J’ai la vieille Bretagne avec ses bruits si beaux,
Ses maisons du Seigneur, au milieu des tombeaux,
    Comme des mères de familles
Assises au milieu de leurs enfants aimés,
Au soir d’un de ces jours où les cieux allumés
    Ont chauffé le fer des faucilles.

J’ai les amis venant en automne au manoir ;
J’ai, devant le foyer, les lectures du soir,
    Et l’étude des saintes choses ;
J’ai, quand le vent gémit dans le long corridor,
La prière dans l’ombre et de beaux songes d’or
    Sur la couche où tu te reposes.

Que M. Morvonnais consente à faire entrer l’art pour quelque chose dans ses préoccupations solitaires ; qu’en étudiant les Lakistes avec amour, il ne se borne pas à eux et ne s’y oublie pas jusqu’à laisser tout rivage.
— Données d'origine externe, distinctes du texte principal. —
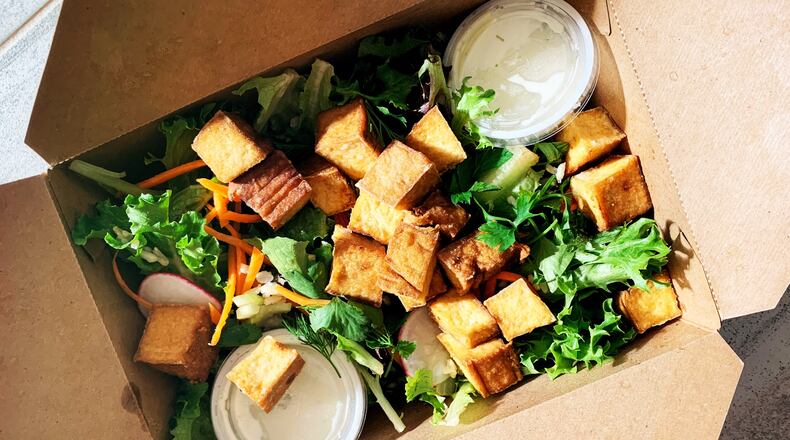 The tropical salad with smoked tofu from El Super Pan is made with local greens and topped with avocado, cherry tomatoes, palm hearts, green olives and pepitas. Henri Hollis for The Atlanta Journal-Constitution
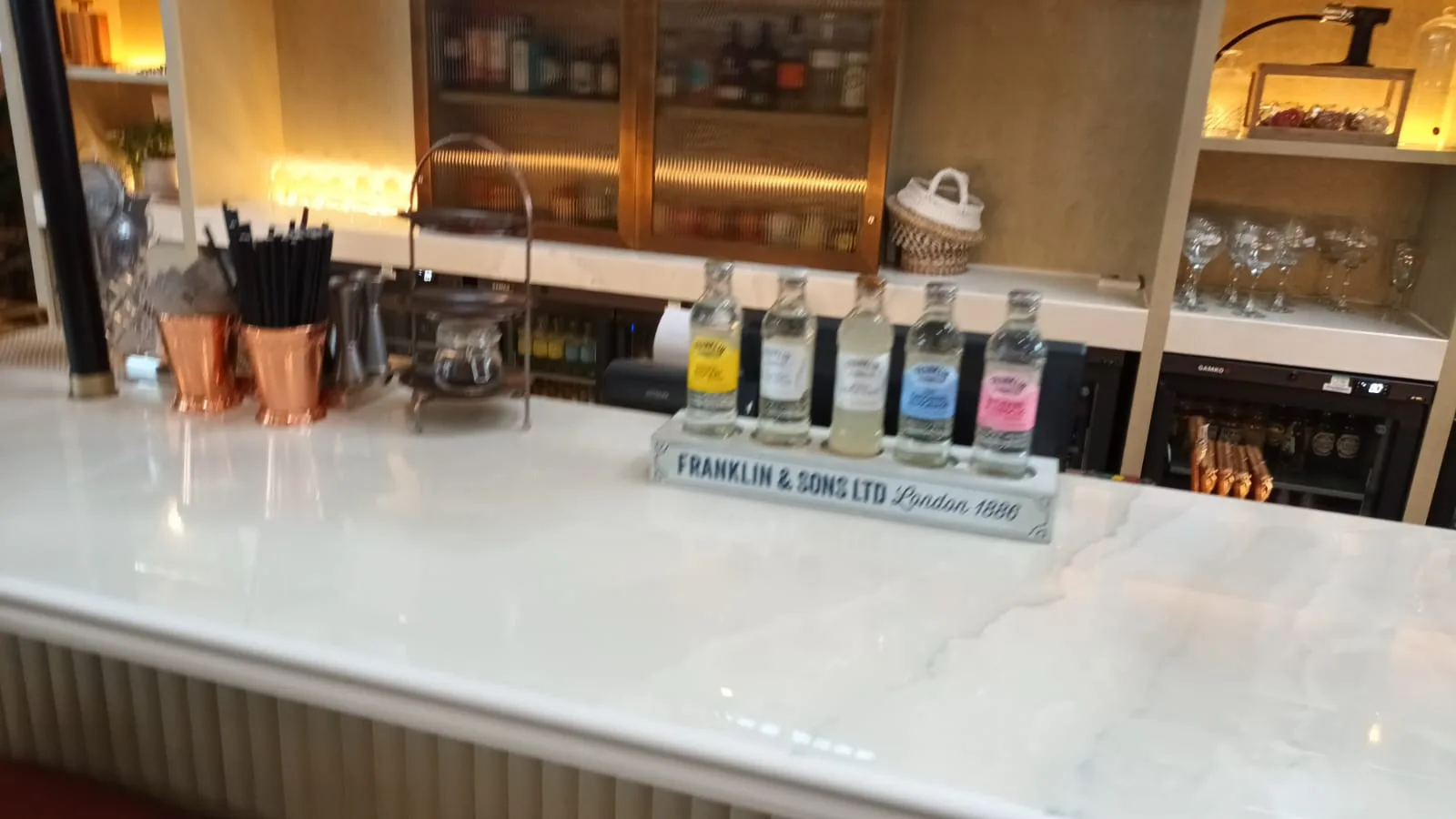 Bar mit Flaschen und Gläsern auf weißem Marmor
En France, on n’arrive au beau qu’avec des lignes terminées. Plus il avancerait dans le secret de l’art, et plus ses poésies, toujours vraies, paraîtraient naturelles. En réalisant ainsi le vœu de l’amitié, il élargirait le cercle des amis et gagnerait un public.

II.
Les Premières Feuilles, par M. Stanislas Cavalier

C’est le début d’une jeune âme qui obéit à sa sensibilité, à son amour de la nature, à ses rêves d’avenir. Ces sortes d’impressions, à un certain moment, sont communes à toutes les âmes : le poète les a rendues pour son compte avec simplicité et mélodie. Ce qu’on pourrait lui reprocher, c’est de ne pas les avoir montrées assez particulières, et d’être trop resté dans des variations générales du thème lamartinien. Mais le poète s’excuse d’avance ; il n’est pas né dans un pays de caractère, il n’a pas rêvé, enfant, aux grèves de l’Océan ; il n’a eu pour premier horizon que d’immenses plaines on le regard n’avait pas même de collines où se poser :

Et je n’eus pour parfums, dans ces plaines sans sites,
Que la senteur des blés et que l’odeur des foins,
Que le souffle embaumé des blanches marguerites,
Ou les exhalaisons d’autres fleurs plus petites
    Aux rebords des chemins.

Depuis lors, il est vrai, il a vu Rome, il s’est bercé au golfe de Baïa ; mais il vient un peu tard pour redire ce que les Méditations ont chanté. Ce qu’il faut conseiller à M. Stanislas Cavalier, après ce premier essai qui est comme un voyage de curiosité et une visite émue dans le monde de poésie, c’est de choisir, s’il se peut, quelque endroit non occupé, ne fût-ce qu’aux rebords des chemins, de le marquer pour sien, et de le féconder assez pour avoir le droit de dire : Ceci est à moi ! car le tien et le mien, c’est la première loi de l’art.